The cuts will affect all types of employees, from pilots to flight attendants. A key sector that’s set to lose about 4,600 jobs is maintenance — the people who fix your planes. One facility at Alliance Airport in Fort Worth will be shut down entirely, leaving 1,200 mechanics out of work.

Until the bankruptcy filing, American was the last legacy carrier that did the bulk of its maintenance in-house: Its mechanics are employees of the airline as opposed to employees at independent maintenance, repair and overhaul facilities [known as MROs]. As other airlines, including Delta, United and US Airways, filed for bankruptcy over the last decade, they shifted more of their work to these less-costly facilities.

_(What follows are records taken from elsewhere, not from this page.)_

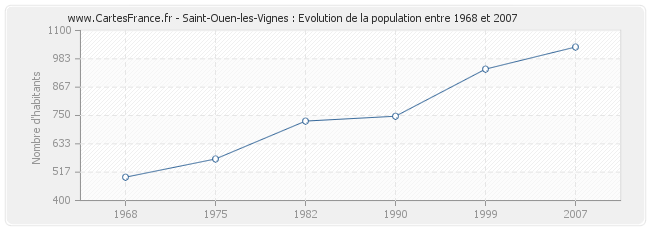 Population Saint-Ouen-les-Vignes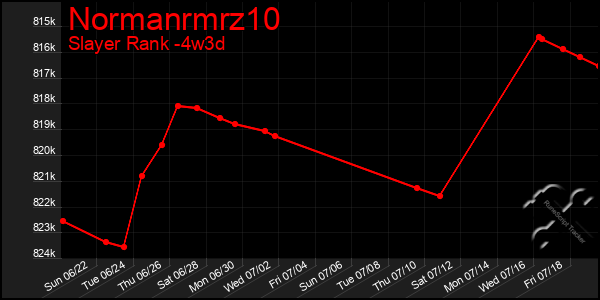 Last 31 Days Graph of Normanrmrz10
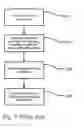 Fig. 04 - Method for controlling the disc ejecting operation in an optecal disc drive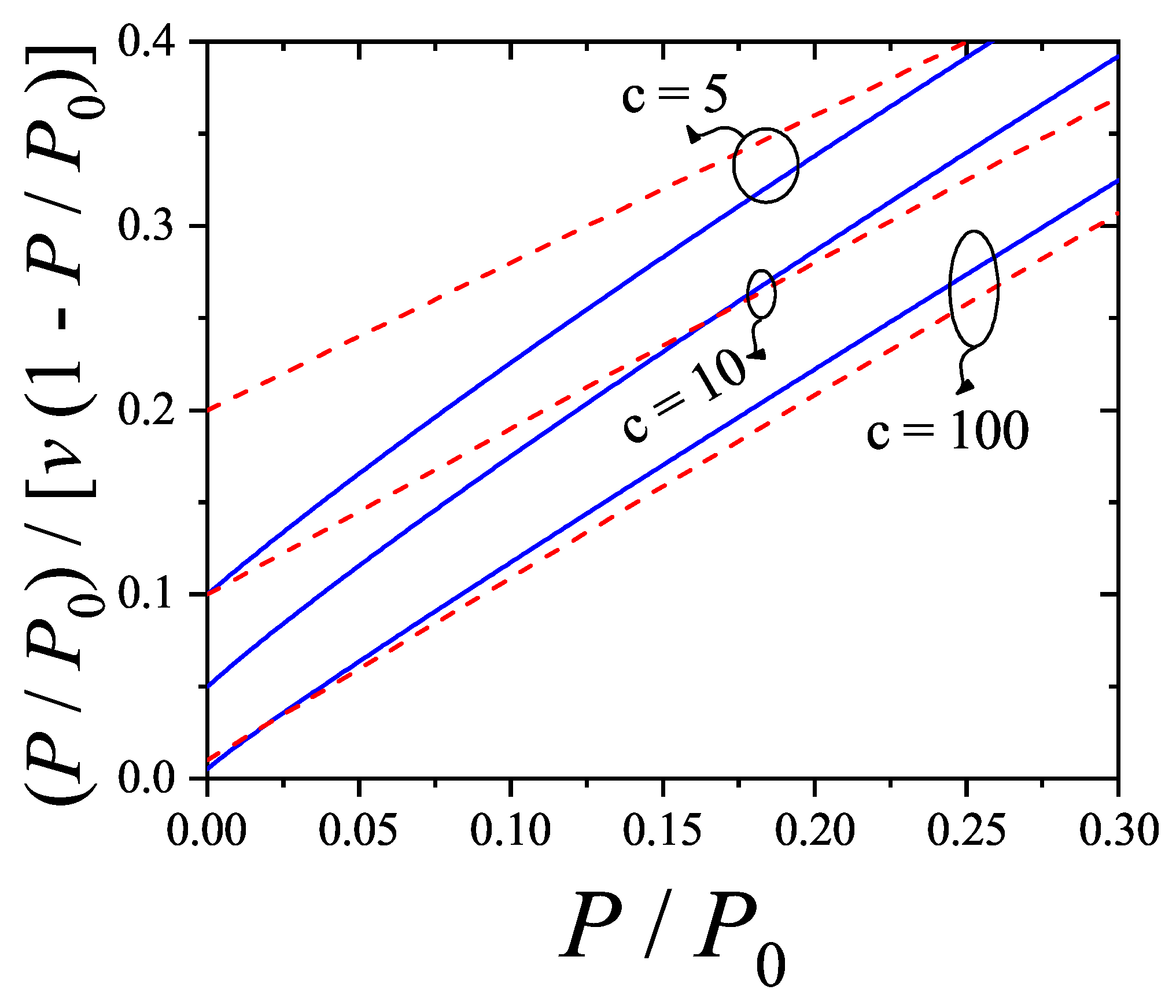 Preprints 159304 g007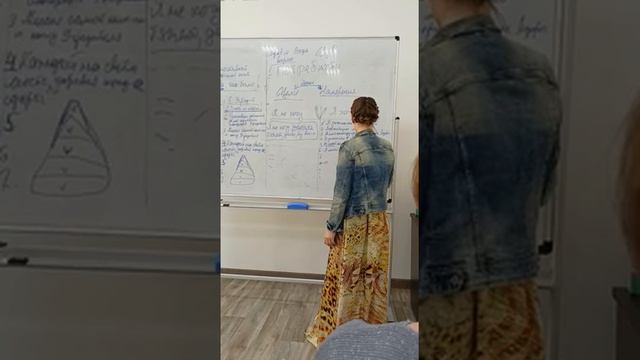 #Тренинг - Работа с намерениями и установками. Центральный российский офис EnergyMax Group в Москве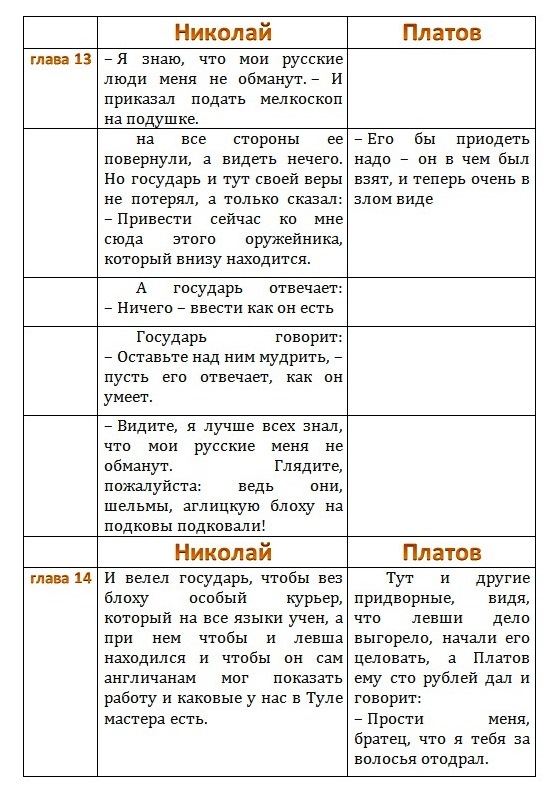 Сказ «Левша» глава 13 и 14, какие цитаты характеризуют раскрывают образ императора Николая и донского казака Платова?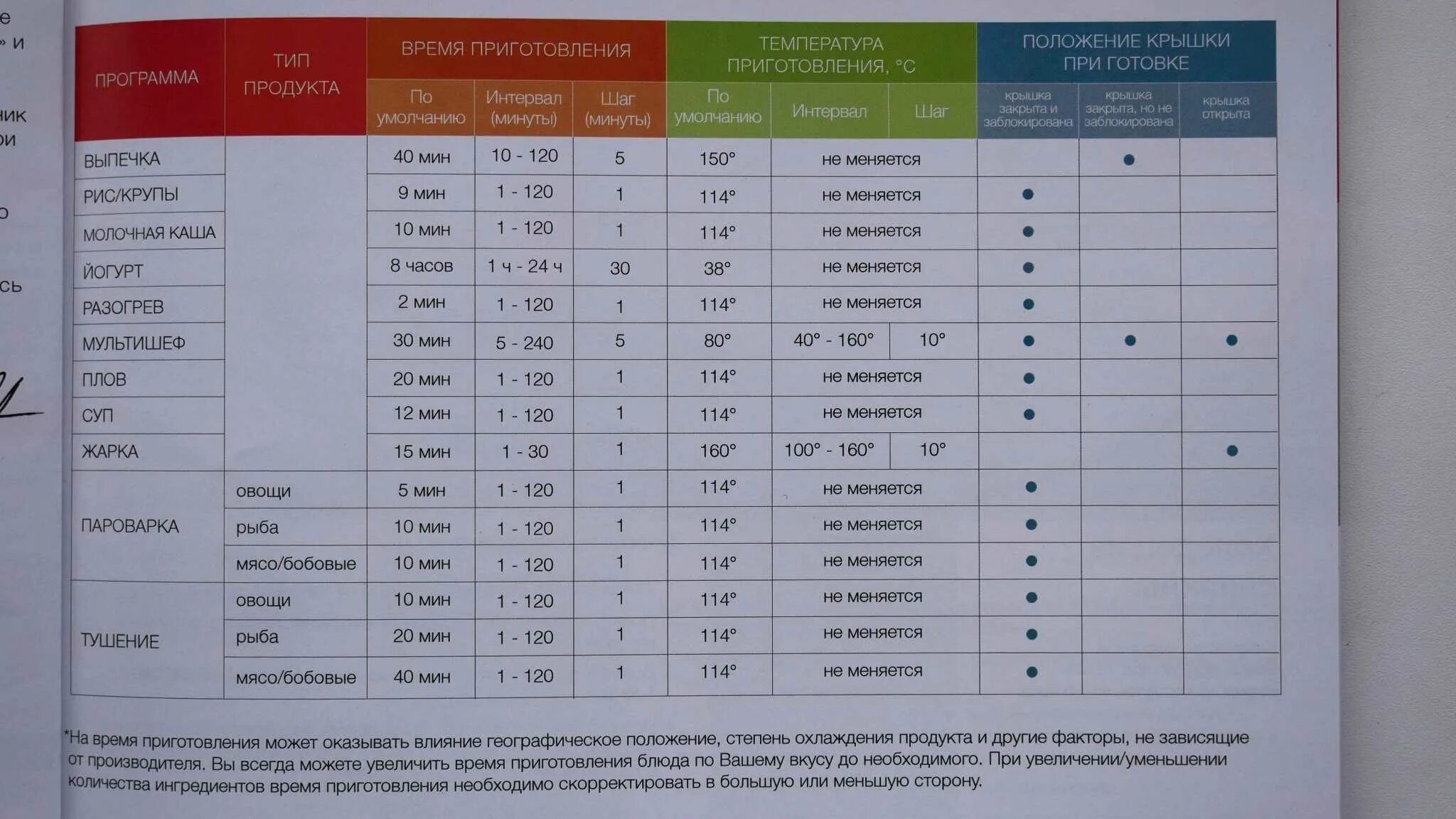 Температура программ мультиварки. Температура программ мультиварки. Температура режимов мультиварки редмонд. Мультиварка режимы и температура таблица. Температурные режимы мультиварки.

Since then, the economic landscape of airline maintenance has irreversibly changed. One-third of heavy maintenance was outsourced in 2003; by 2007 the number grew to be about three-quarters.

American Airlines said in a letter that it plans on “outsourcing a portion of our aircraft maintenance work,” though the details — where and how much of this work will occur — are unclear.

But for a time, “American was very actively bucking an industry-wide trend,” Bill McGee, a consumer advocate and writer, told FRONTLINE in a phone interview a few weeks ago. He says that American’s reluctance to follow the industry trend “all went back to one person,” former CEO Gerald Arpey. McGee, who visited American’s maintenance facility in Tulsa for his upcoming book Attention All Passengers, says that the faith employees had in Arpey was striking. He writes about one Tulsa employee who said he was praying for Aprey’s health,”since it was widely known that the head of American felt strongly about keeping maintenance in-house.”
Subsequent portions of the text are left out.